**ENTRIES SUPPLIED:**
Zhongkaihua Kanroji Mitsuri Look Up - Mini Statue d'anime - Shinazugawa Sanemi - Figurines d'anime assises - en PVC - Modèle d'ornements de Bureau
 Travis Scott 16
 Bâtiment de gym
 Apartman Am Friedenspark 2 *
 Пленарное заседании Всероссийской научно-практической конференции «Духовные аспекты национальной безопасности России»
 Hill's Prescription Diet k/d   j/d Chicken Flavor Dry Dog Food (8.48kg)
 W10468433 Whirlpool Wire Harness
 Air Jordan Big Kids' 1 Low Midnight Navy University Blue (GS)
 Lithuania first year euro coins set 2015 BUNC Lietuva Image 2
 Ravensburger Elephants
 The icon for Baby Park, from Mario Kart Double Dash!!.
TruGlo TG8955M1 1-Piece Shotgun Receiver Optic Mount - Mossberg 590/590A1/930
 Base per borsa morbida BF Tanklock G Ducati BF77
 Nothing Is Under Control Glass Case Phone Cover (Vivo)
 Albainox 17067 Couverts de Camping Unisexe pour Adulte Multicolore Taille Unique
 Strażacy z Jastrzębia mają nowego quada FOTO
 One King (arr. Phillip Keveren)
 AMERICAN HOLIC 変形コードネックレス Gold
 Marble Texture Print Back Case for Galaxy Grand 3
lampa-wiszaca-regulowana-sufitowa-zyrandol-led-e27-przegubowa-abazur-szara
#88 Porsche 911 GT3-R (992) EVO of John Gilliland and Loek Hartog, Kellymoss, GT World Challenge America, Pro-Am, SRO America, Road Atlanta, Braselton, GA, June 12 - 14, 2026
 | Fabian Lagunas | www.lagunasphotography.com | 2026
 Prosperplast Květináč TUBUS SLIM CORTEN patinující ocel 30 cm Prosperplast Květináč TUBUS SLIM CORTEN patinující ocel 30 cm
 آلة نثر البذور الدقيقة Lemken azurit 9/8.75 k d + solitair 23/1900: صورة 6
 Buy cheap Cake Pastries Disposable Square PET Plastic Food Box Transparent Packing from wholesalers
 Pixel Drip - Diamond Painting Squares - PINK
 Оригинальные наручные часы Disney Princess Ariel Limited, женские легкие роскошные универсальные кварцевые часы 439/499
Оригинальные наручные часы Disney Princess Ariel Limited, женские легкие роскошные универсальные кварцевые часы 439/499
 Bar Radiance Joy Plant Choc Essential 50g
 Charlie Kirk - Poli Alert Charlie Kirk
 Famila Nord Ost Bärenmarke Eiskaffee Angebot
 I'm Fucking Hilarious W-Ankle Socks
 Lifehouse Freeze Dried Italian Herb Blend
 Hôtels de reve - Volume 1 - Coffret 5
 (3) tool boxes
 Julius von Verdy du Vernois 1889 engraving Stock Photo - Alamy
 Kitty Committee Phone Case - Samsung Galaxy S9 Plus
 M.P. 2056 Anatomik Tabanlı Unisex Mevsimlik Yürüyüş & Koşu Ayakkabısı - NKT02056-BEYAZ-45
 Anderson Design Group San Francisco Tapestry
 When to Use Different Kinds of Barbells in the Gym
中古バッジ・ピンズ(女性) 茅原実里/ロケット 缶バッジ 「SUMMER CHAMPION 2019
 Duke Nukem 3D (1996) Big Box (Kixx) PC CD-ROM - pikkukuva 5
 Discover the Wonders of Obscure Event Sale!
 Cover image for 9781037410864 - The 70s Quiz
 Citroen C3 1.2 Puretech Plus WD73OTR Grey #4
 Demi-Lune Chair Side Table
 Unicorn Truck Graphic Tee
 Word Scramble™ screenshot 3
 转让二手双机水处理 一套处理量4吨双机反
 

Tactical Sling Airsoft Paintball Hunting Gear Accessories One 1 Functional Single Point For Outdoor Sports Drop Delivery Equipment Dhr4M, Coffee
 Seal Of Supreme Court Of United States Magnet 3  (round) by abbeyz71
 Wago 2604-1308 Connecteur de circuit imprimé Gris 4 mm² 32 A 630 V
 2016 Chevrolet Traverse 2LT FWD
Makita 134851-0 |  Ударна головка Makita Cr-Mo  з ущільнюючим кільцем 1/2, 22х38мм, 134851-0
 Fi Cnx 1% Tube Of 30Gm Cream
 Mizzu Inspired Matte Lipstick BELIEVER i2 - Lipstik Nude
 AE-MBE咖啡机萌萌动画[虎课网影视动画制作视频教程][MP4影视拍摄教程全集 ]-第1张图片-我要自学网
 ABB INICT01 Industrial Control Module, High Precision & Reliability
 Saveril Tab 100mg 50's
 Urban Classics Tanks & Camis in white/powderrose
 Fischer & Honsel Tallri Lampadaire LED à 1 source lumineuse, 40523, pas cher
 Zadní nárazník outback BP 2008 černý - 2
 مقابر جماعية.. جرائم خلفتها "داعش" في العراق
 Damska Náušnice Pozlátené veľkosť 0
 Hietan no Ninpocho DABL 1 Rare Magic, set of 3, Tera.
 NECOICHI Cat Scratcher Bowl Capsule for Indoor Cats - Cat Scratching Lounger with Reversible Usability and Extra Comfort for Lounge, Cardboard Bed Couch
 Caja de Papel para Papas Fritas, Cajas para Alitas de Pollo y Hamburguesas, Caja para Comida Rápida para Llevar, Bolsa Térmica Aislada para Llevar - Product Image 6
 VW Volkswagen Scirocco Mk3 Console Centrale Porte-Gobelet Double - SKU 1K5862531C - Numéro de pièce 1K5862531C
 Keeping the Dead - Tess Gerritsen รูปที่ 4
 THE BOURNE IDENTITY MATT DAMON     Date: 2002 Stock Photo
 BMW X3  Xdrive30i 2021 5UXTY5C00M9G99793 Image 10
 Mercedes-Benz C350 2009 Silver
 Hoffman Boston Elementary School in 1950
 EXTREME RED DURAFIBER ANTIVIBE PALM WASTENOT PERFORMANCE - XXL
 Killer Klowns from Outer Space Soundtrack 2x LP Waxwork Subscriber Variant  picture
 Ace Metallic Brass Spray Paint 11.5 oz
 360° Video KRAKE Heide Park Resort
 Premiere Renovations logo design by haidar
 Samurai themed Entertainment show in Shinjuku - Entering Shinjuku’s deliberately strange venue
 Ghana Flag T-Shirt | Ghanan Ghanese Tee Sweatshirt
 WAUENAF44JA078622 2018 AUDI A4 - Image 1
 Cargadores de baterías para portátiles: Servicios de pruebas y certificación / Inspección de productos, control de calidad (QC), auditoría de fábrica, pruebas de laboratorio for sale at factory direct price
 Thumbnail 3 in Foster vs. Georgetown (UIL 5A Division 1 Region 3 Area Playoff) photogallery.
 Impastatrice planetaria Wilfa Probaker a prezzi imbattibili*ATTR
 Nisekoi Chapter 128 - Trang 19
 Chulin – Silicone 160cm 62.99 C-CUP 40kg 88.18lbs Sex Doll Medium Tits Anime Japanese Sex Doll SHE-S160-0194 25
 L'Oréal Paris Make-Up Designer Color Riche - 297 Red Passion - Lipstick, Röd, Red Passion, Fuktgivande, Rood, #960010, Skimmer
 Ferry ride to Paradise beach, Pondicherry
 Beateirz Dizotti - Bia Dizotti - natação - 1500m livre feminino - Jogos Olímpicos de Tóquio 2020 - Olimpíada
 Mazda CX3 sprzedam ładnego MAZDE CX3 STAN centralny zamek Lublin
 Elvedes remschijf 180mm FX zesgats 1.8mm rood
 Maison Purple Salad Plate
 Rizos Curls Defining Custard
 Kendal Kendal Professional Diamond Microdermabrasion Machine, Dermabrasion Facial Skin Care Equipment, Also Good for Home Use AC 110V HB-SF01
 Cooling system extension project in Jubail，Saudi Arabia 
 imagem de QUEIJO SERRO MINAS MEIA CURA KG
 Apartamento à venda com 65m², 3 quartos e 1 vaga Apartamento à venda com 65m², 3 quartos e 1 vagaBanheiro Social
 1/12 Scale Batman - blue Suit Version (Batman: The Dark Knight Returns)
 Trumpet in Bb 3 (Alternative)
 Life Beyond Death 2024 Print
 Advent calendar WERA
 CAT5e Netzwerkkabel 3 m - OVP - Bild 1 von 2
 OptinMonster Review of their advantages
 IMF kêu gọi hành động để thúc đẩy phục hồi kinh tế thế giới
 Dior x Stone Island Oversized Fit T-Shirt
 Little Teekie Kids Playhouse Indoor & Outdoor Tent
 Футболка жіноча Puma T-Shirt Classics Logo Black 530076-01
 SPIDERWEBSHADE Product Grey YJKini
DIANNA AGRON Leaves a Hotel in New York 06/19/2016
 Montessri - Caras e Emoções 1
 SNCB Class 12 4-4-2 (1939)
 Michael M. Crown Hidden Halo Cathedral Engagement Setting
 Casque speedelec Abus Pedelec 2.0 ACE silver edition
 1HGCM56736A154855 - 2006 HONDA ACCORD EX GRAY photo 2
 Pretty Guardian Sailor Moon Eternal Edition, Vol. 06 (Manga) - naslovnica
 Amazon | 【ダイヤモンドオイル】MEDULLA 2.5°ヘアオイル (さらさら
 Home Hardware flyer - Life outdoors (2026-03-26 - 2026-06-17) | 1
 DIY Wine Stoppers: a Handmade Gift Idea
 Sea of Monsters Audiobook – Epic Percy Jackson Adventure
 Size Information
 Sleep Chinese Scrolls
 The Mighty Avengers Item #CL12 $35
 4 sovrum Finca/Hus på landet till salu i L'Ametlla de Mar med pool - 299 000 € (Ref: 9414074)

**TASK STATEMENT:**
From the records above, print only the lines between the one holding "Killer Klowns from" and the one holding "Little Teekie Kids", inclusive, exactly as they stand.

**SOLVED PROBLEM:**
 Killer Klowns from Outer Space Soundtrack 2x LP Waxwork Subscriber Variant  picture
 Ace Metallic Brass Spray Paint 11.5 oz
 360° Video KRAKE Heide Park Resort
 Premiere Renovations logo design by haidar
 Samurai themed Entertainment show in Shinjuku - Entering Shinjuku’s deliberately strange venue
 Ghana Flag T-Shirt | Ghanan Ghanese Tee Sweatshirt
 WAUENAF44JA078622 2018 AUDI A4 - Image 1
 Cargadores de baterías para portátiles: Servicios de pruebas y certificación / Inspección de productos, control de calidad (QC), auditoría de fábrica, pruebas de laboratorio for sale at factory direct price
 Thumbnail 3 in Foster vs. Georgetown (UIL 5A Division 1 Region 3 Area Playoff) photogallery.
 Impastatrice planetaria Wilfa Probaker a prezzi imbattibili*ATTR
 Nisekoi Chapter 128 - Trang 19
 Chulin – Silicone 160cm 62.99 C-CUP 40kg 88.18lbs Sex Doll Medium Tits Anime Japanese Sex Doll SHE-S160-0194 25
 L'Oréal Paris Make-Up Designer Color Riche - 297 Red Passion - Lipstick, Röd, Red Passion, Fuktgivande, Rood, #960010, Skimmer
 Ferry ride to Paradise beach, Pondicherry
 Beateirz Dizotti - Bia Dizotti - natação - 1500m livre feminino - Jogos Olímpicos de Tóquio 2020 - Olimpíada
 Mazda CX3 sprzedam ładnego MAZDE CX3 STAN centralny zamek Lublin
 Elvedes remschijf 180mm FX zesgats 1.8mm rood
 Maison Purple Salad Plate
 Rizos Curls Defining Custard
 Kendal Kendal Professional Diamond Microdermabrasion Machine, Dermabrasion Facial Skin Care Equipment, Also Good for Home Use AC 110V HB-SF01
 Cooling system extension project in Jubail，Saudi Arabia 
 imagem de QUEIJO SERRO MINAS MEIA CURA KG
 Apartamento à venda com 65m², 3 quartos e 1 vaga Apartamento à venda com 65m², 3 quartos e 1 vagaBanheiro Social
 1/12 Scale Batman - blue Suit Version (Batman: The Dark Knight Returns)
 Trumpet in Bb 3 (Alternative)
 Life Beyond Death 2024 Print
 Advent calendar WERA
 CAT5e Netzwerkkabel 3 m - OVP - Bild 1 von 2
 OptinMonster Review of their advantages
 IMF kêu gọi hành động để thúc đẩy phục hồi kinh tế thế giới
 Dior x Stone Island Oversized Fit T-Shirt
 Little Teekie Kids Playhouse Indoor & Outdoor Tent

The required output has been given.